Web page caption snippets:
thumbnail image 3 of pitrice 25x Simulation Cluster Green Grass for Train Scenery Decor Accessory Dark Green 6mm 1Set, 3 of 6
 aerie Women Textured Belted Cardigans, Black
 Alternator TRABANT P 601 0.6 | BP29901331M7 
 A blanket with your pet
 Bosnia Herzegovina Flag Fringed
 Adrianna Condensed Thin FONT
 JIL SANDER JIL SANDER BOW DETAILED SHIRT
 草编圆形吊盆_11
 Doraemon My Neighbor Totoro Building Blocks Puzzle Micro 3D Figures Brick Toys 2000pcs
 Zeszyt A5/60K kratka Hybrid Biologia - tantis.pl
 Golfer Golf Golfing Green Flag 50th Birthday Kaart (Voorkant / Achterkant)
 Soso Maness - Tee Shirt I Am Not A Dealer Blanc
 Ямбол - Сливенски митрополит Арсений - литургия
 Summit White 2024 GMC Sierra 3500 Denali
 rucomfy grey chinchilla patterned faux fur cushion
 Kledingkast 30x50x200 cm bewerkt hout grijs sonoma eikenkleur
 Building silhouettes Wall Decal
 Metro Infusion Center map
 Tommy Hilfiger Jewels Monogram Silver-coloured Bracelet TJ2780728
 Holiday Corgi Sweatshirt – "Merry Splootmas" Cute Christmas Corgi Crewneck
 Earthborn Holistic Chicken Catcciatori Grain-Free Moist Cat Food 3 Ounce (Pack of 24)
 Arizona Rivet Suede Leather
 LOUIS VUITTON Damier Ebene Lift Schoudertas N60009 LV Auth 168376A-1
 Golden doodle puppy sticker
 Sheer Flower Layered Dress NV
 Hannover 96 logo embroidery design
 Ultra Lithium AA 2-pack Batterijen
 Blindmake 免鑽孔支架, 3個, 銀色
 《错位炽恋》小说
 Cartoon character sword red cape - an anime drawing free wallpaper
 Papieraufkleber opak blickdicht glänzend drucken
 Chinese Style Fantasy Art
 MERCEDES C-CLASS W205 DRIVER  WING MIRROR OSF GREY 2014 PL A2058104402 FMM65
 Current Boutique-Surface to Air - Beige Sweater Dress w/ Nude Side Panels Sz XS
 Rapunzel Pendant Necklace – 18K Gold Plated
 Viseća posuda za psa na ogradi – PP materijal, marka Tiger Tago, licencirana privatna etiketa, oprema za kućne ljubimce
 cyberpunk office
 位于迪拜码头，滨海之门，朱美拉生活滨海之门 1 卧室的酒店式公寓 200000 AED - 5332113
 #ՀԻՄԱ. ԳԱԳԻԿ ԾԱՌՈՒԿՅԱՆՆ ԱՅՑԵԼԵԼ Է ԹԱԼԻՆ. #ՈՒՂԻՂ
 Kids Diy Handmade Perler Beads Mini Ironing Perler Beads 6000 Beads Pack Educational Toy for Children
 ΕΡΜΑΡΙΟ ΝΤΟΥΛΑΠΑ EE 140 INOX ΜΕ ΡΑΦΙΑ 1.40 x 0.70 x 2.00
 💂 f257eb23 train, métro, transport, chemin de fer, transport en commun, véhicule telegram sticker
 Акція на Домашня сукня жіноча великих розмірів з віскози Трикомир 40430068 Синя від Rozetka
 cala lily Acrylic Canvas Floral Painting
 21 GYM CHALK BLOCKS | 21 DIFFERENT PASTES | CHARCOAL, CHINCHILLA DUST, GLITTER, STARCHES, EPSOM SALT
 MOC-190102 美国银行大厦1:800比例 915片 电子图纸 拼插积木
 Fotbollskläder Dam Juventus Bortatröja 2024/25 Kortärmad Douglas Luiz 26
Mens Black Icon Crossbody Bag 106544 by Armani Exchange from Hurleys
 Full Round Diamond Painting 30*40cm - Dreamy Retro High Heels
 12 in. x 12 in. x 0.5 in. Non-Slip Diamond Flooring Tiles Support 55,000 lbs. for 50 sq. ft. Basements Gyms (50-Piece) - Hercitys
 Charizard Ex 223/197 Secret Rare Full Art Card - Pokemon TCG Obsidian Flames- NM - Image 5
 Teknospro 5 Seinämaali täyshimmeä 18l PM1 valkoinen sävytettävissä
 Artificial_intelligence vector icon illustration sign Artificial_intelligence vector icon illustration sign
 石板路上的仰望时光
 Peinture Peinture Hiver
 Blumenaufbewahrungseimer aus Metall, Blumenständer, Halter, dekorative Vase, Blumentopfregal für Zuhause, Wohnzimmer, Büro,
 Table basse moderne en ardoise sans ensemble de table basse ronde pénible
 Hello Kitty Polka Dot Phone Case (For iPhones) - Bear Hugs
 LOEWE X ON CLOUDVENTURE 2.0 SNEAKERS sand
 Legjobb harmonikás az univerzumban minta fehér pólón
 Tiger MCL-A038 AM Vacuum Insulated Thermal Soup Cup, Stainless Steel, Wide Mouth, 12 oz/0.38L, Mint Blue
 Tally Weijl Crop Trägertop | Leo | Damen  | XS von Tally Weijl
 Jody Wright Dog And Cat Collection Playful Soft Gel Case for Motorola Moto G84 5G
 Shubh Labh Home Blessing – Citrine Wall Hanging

EXERCISE DESCRIPTION:
Take the entries and print them exactly. Keep every line.

WRITTEN ANSWER:
thumbnail image 3 of pitrice 25x Simulation Cluster Green Grass for Train Scenery Decor Accessory Dark Green 6mm 1Set, 3 of 6
 aerie Women Textured Belted Cardigans, Black
 Alternator TRABANT P 601 0.6 | BP29901331M7 
 A blanket with your pet
 Bosnia Herzegovina Flag Fringed
 Adrianna Condensed Thin FONT
 JIL SANDER JIL SANDER BOW DETAILED SHIRT
 草编圆形吊盆_11
 Doraemon My Neighbor Totoro Building Blocks Puzzle Micro 3D Figures Brick Toys 2000pcs
 Zeszyt A5/60K kratka Hybrid Biologia - tantis.pl
 Golfer Golf Golfing Green Flag 50th Birthday Kaart (Voorkant / Achterkant)
 Soso Maness - Tee Shirt I Am Not A Dealer Blanc
 Ямбол - Сливенски митрополит Арсений - литургия
 Summit White 2024 GMC Sierra 3500 Denali
 rucomfy grey chinchilla patterned faux fur cushion
 Kledingkast 30x50x200 cm bewerkt hout grijs sonoma eikenkleur
 Building silhouettes Wall Decal
 Metro Infusion Center map
 Tommy Hilfiger Jewels Monogram Silver-coloured Bracelet TJ2780728
 Holiday Corgi Sweatshirt – "Merry Splootmas" Cute Christmas Corgi Crewneck
 Earthborn Holistic Chicken Catcciatori Grain-Free Moist Cat Food 3 Ounce (Pack of 24)
 Arizona Rivet Suede Leather
 LOUIS VUITTON Damier Ebene Lift Schoudertas N60009 LV Auth 168376A-1
 Golden doodle puppy sticker
 Sheer Flower Layered Dress NV
 Hannover 96 logo embroidery design
 Ultra Lithium AA 2-pack Batterijen
 Blindmake 免鑽孔支架, 3個, 銀色
 《错位炽恋》小说
 Cartoon character sword red cape - an anime drawing free wallpaper
 Papieraufkleber opak blickdicht glänzend drucken
 Chinese Style Fantasy Art
 MERCEDES C-CLASS W205 DRIVER  WING MIRROR OSF GREY 2014 PL A2058104402 FMM65
 Current Boutique-Surface to Air - Beige Sweater Dress w/ Nude Side Panels Sz XS
 Rapunzel Pendant Necklace – 18K Gold Plated
 Viseća posuda za psa na ogradi – PP materijal, marka Tiger Tago, licencirana privatna etiketa, oprema za kućne ljubimce
 cyberpunk office
 位于迪拜码头，滨海之门，朱美拉生活滨海之门 1 卧室的酒店式公寓 200000 AED - 5332113
 #ՀԻՄԱ. ԳԱԳԻԿ ԾԱՌՈՒԿՅԱՆՆ ԱՅՑԵԼԵԼ Է ԹԱԼԻՆ. #ՈՒՂԻՂ
 Kids Diy Handmade Perler Beads Mini Ironing Perler Beads 6000 Beads Pack Educational Toy for Children
 ΕΡΜΑΡΙΟ ΝΤΟΥΛΑΠΑ EE 140 INOX ΜΕ ΡΑΦΙΑ 1.40 x 0.70 x 2.00
 💂 f257eb23 train, métro, transport, chemin de fer, transport en commun, véhicule telegram sticker
 Акція на Домашня сукня жіноча великих розмірів з віскози Трикомир 40430068 Синя від Rozetka
 cala lily Acrylic Canvas Floral Painting
 21 GYM CHALK BLOCKS | 21 DIFFERENT PASTES | CHARCOAL, CHINCHILLA DUST, GLITTER, STARCHES, EPSOM SALT
 MOC-190102 美国银行大厦1:800比例 915片 电子图纸 拼插积木
 Fotbollskläder Dam Juventus Bortatröja 2024/25 Kortärmad Douglas Luiz 26
Mens Black Icon Crossbody Bag 106544 by Armani Exchange from Hurleys
 Full Round Diamond Painting 30*40cm - Dreamy Retro High Heels
 12 in. x 12 in. x 0.5 in. Non-Slip Diamond Flooring Tiles Support 55,000 lbs. for 50 sq. ft. Basements Gyms (50-Piece) - Hercitys
 Charizard Ex 223/197 Secret Rare Full Art Card - Pokemon TCG Obsidian Flames- NM - Image 5
 Teknospro 5 Seinämaali täyshimmeä 18l PM1 valkoinen sävytettävissä
 Artificial_intelligence vector icon illustration sign Artificial_intelligence vector icon illustration sign
 石板路上的仰望时光
 Peinture Peinture Hiver
 Blumenaufbewahrungseimer aus Metall, Blumenständer, Halter, dekorative Vase, Blumentopfregal für Zuhause, Wohnzimmer, Büro,
 Table basse moderne en ardoise sans ensemble de table basse ronde pénible
 Hello Kitty Polka Dot Phone Case (For iPhones) - Bear Hugs
 LOEWE X ON CLOUDVENTURE 2.0 SNEAKERS sand
 Legjobb harmonikás az univerzumban minta fehér pólón
 Tiger MCL-A038 AM Vacuum Insulated Thermal Soup Cup, Stainless Steel, Wide Mouth, 12 oz/0.38L, Mint Blue
 Tally Weijl Crop Trägertop | Leo | Damen  | XS von Tally Weijl
 Jody Wright Dog And Cat Collection Playful Soft Gel Case for Motorola Moto G84 5G
 Shubh Labh Home Blessing – Citrine Wall Hanging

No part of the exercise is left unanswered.